# WORK TO COMPLETE:
Your answer must be the lines from the one containing "Foto 7c771144-b2e7-464c-b348-1df84863ac4b. Casa" through the last line below, copied exactly, with no pictures.

Image-text web data:

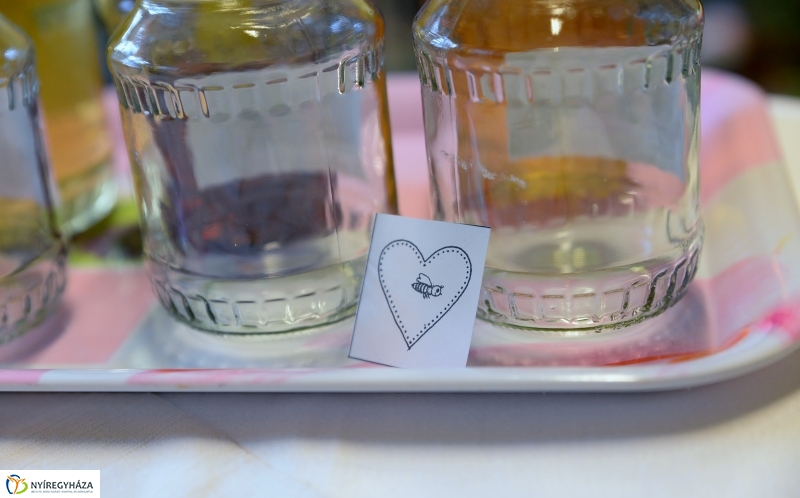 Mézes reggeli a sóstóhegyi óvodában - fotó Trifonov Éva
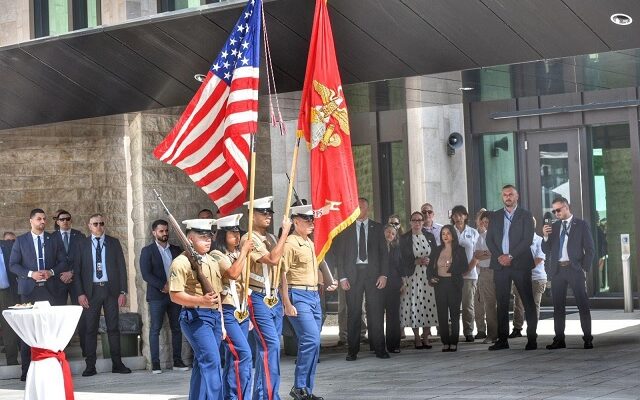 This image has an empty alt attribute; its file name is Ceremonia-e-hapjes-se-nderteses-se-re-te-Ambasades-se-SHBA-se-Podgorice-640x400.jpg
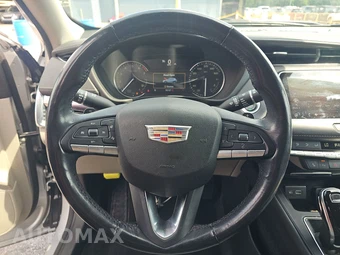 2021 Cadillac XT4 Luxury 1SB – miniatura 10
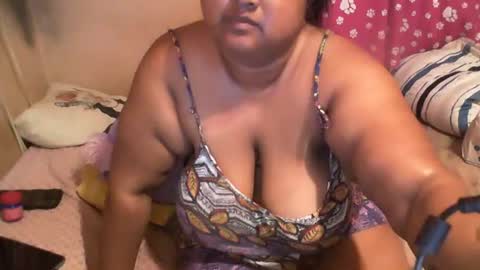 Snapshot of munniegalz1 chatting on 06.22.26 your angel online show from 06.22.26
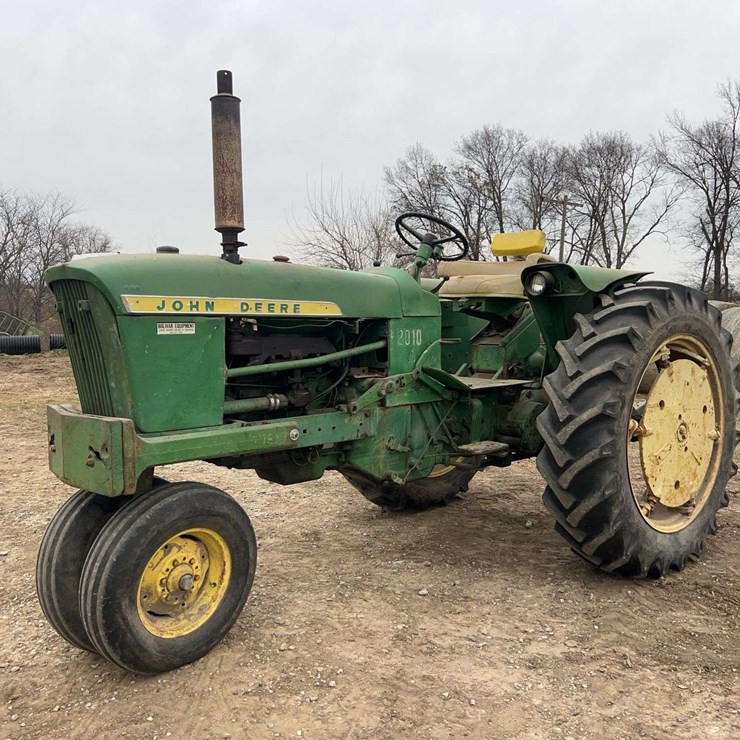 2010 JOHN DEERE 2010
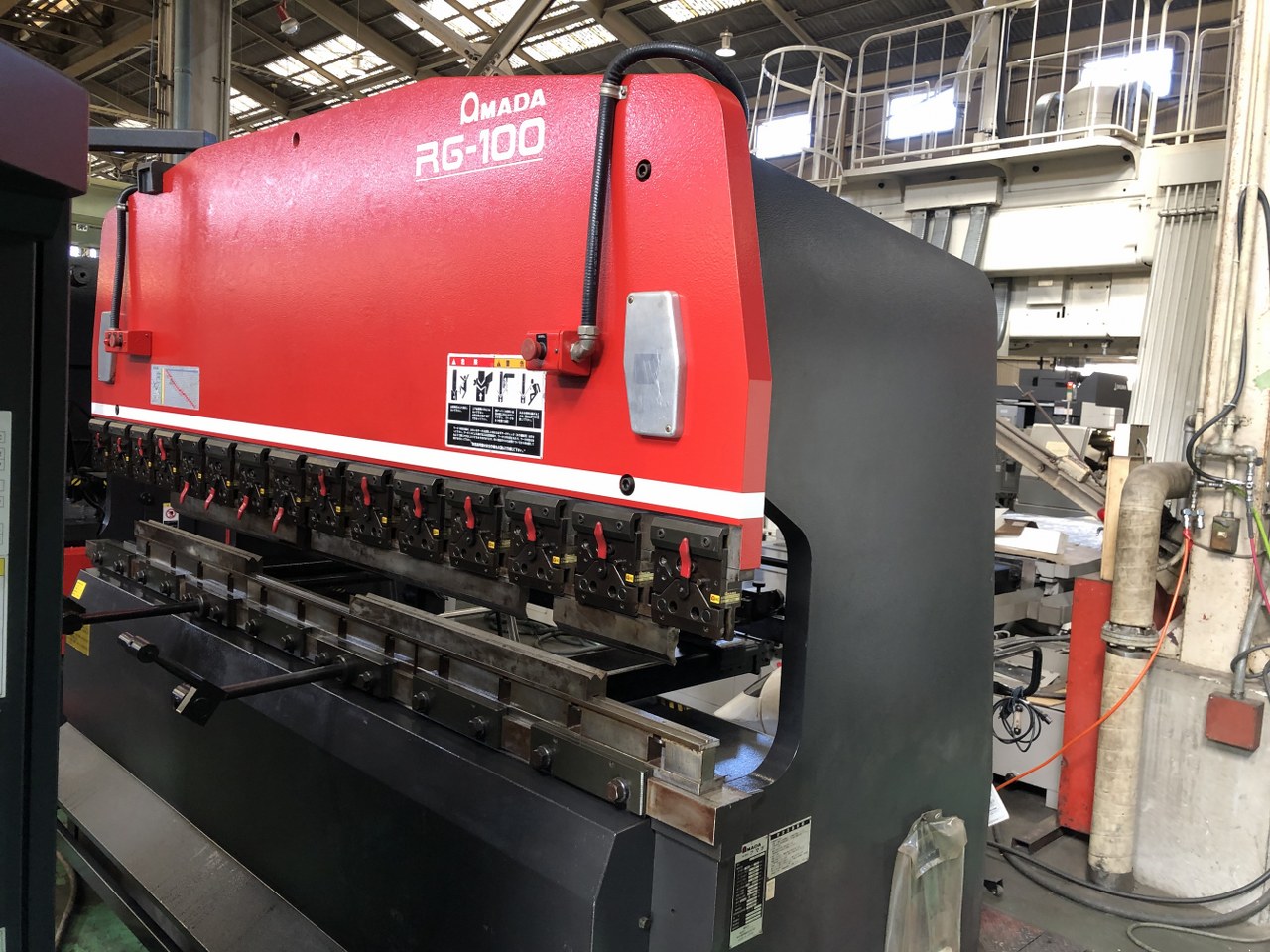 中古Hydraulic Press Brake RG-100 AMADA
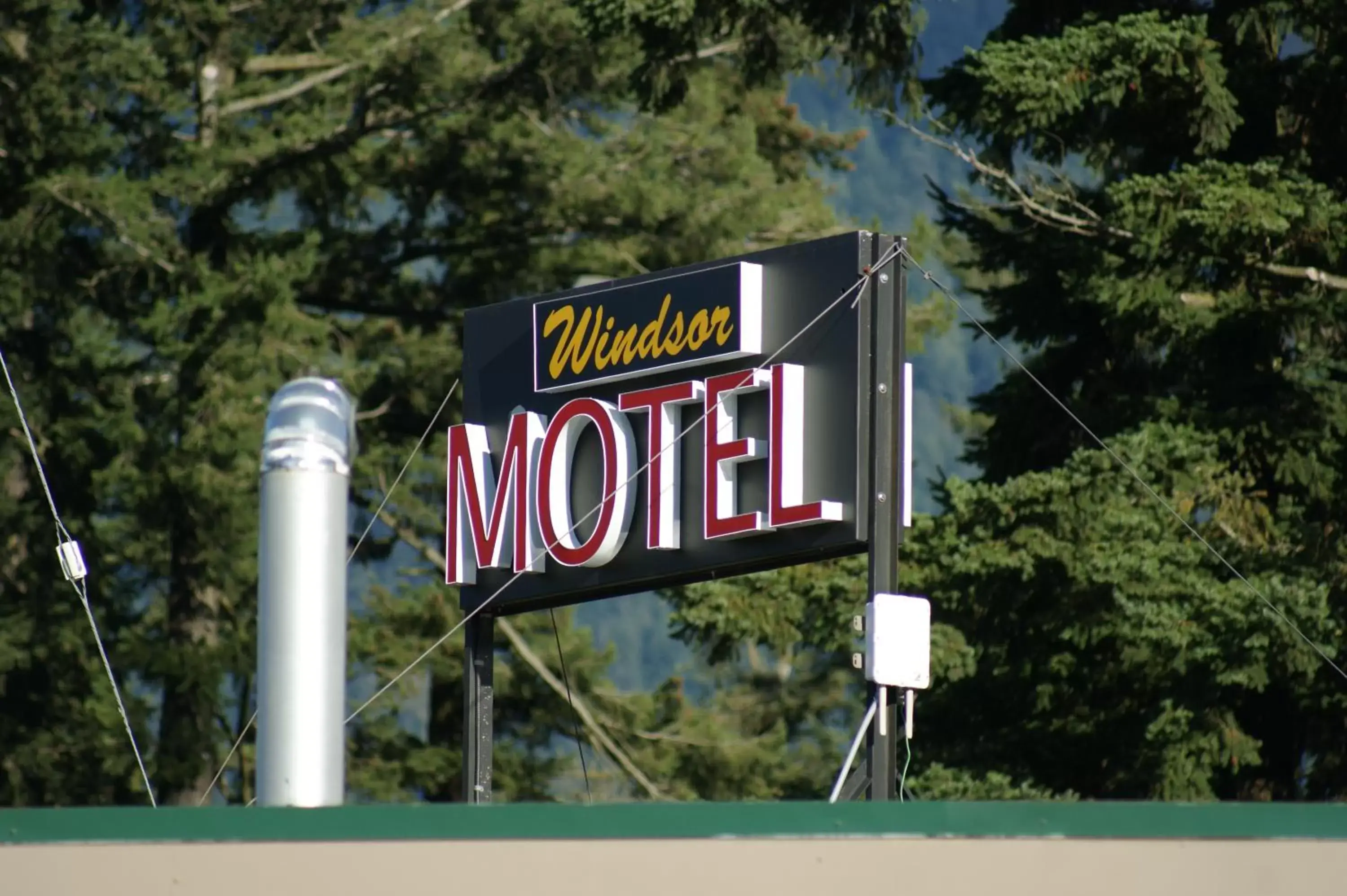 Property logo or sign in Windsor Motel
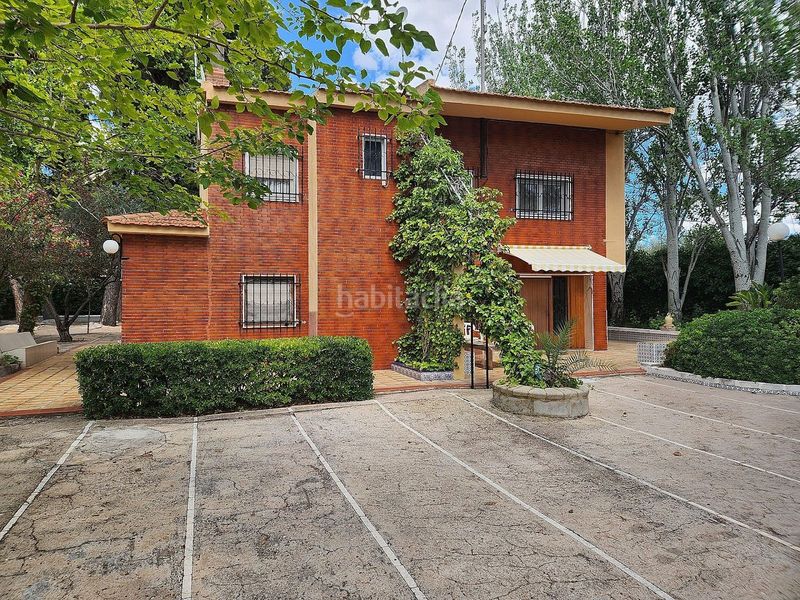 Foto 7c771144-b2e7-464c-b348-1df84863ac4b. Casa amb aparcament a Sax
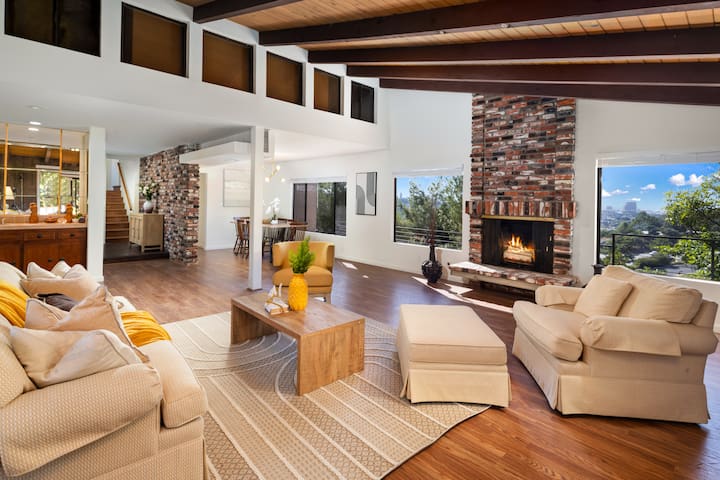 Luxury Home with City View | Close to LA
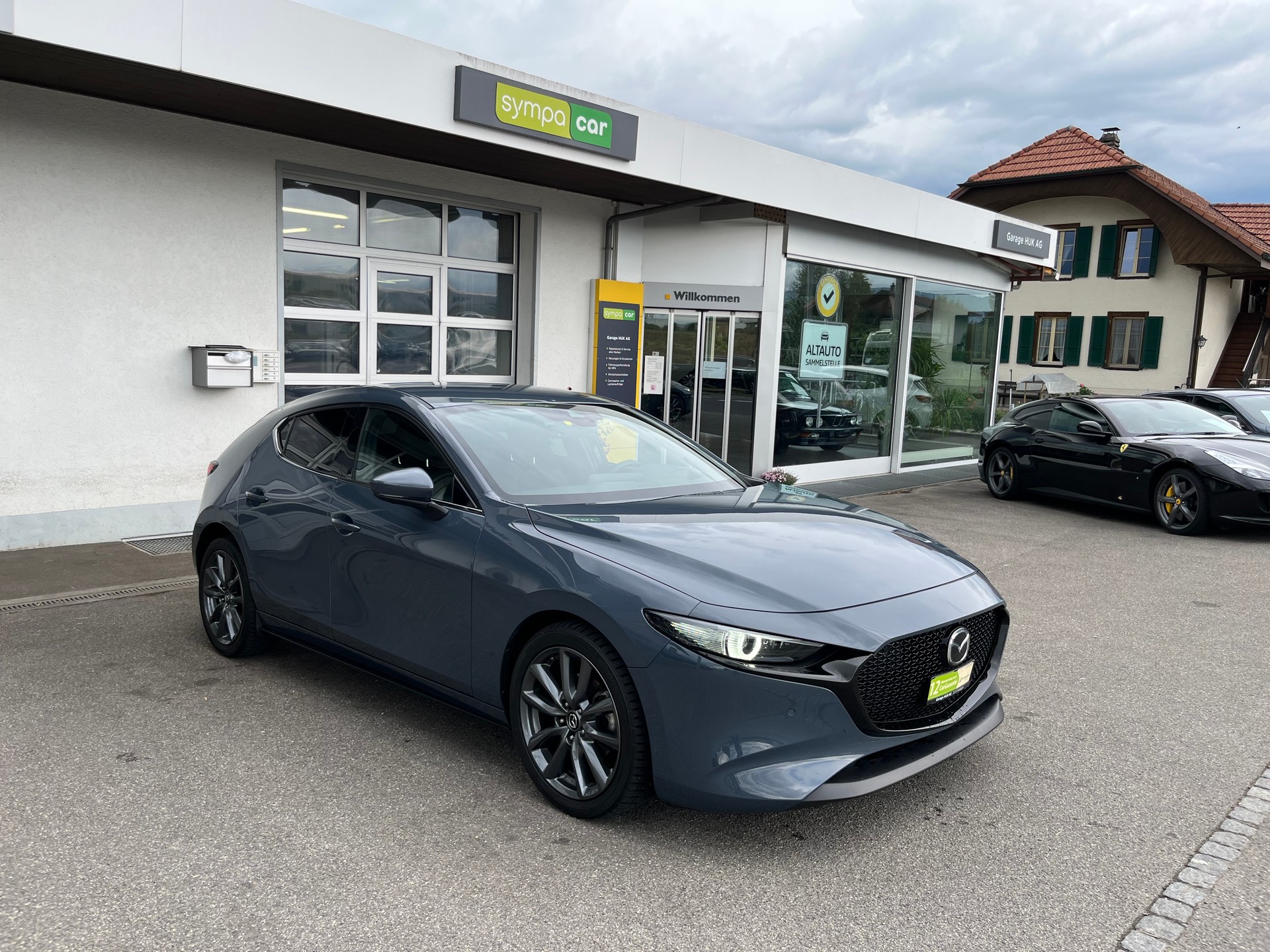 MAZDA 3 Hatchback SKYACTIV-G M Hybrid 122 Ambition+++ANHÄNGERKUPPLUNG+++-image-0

# RESULT OF THE TASK:
 Foto 7c771144-b2e7-464c-b348-1df84863ac4b. Casa amb aparcament a Sax
 Luxury Home with City View | Close to LA
 MAZDA 3 Hatchback SKYACTIV-G M Hybrid 122 Ambition+++ANHÄNGERKUPPLUNG+++-image-0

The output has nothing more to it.